Hyundai Study Reveals Around 37,000 Driving Styles

The study was carried out on 2,000 U.K. drivers.


As a motorist, we see hundreds of thousands of drivers on the road daily, and surely we feel everyone is different from the other. This has been seconded by Hyundai, who carried out a study on 2,000 U.K. drivers to learn about their driving styles, their use of Alternative Fuel Vehicles (AFV), and their apprehension on the Electric Vehicles (EVs).

The study found around 37,000 driving styles with five standard identifications.

  1. Confident 28 percent
  2. Fair and measured 24 percent
  3. Calm 19 percent
  4. Nervous 7 percent
  5. Aggressive 7 percent

Now when we go into detail of these basic styles, we find men realized themselves more confident behind the wheels compared to women with a 31:25 percent ratio. On the other hand, women feel more nervous while driving than men.

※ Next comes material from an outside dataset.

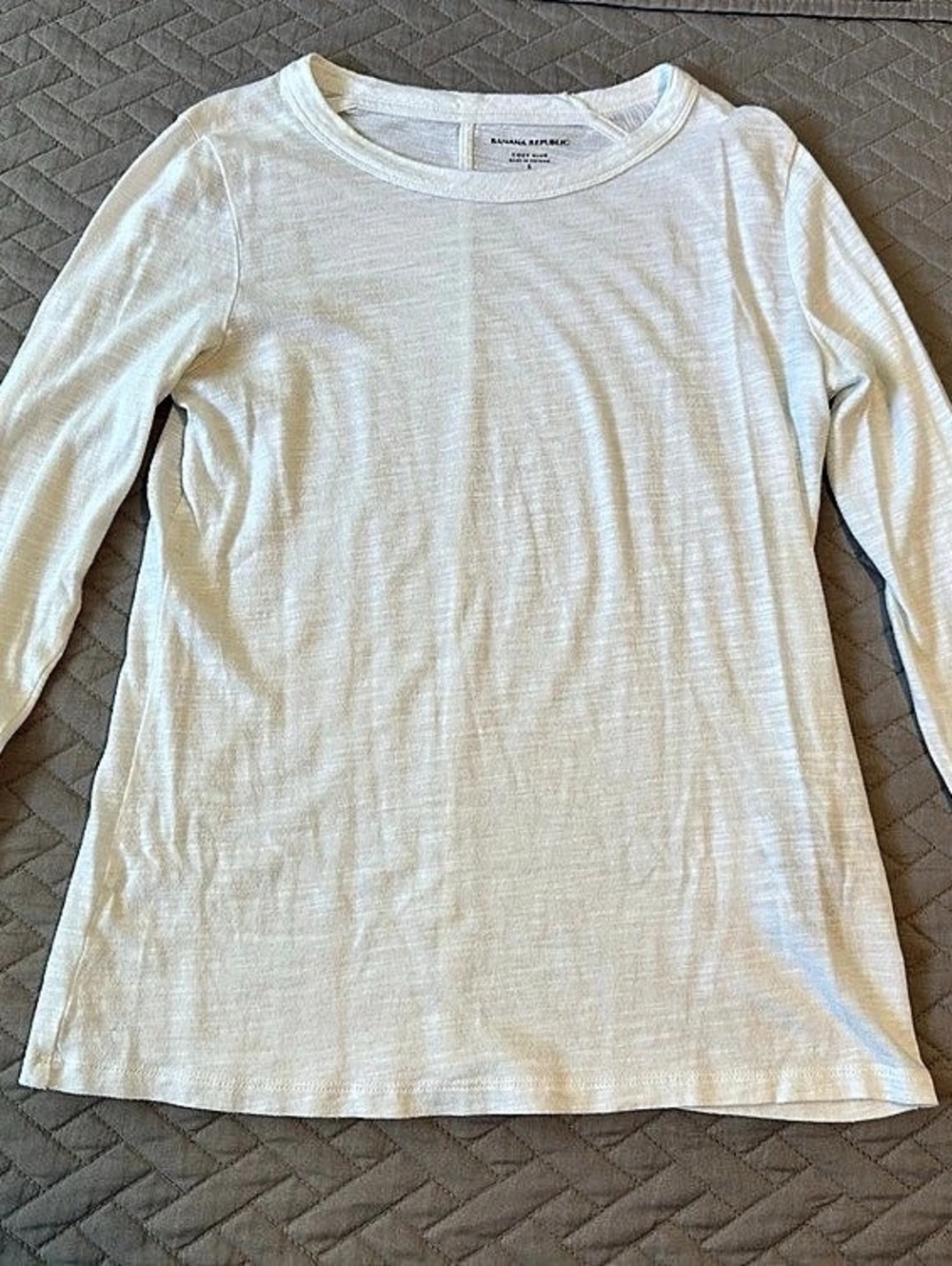 Banana Republic Cozy Slub Long Sleeve Crew White Small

Additionally, different driving styles tell many things about the driver’s behavior. For instance, most motorists said they never beep at another driver (92 percent). Moreover, around 50 percent of drivers said they slow down and allow buses to come in front of them. Approximately 37 percent said they give the due credit to other drivers on the road, and so on.

Another exciting facet of the study was related to driving different types of vehicles. It was found that AFV (including hybrids and electrics) drivers are calmer behind the wheels compared to those driving a combustion engine car (21:19 ratio). The Korean automaker also created ‘The Drive Different Test’ to review six main driving factors for AFV drivers and compared it to typical car drivers. These include pupil tracking, facial recognition, heart rate, and softness in applying the foot and hand controls.

“There are many things that impact someone’s driving style, their technical skill of course but also confidence, experience and even the music they listen to and until they actually get behind the wheel you can never predict which way it will go,” stated professional driving coach Gary Lamb, who created the factors of the experiment. “Over my 25 years as a driving instructor, I’ve seen them all. What’s interesting now is that alternatively fueled vehicles are also affecting our driving style.

“As 2040 draws nearer, and our cities and motorways fill with zero-emission capable vehicles, I’m excited to see how the way we drive will change, hopefully for the better.”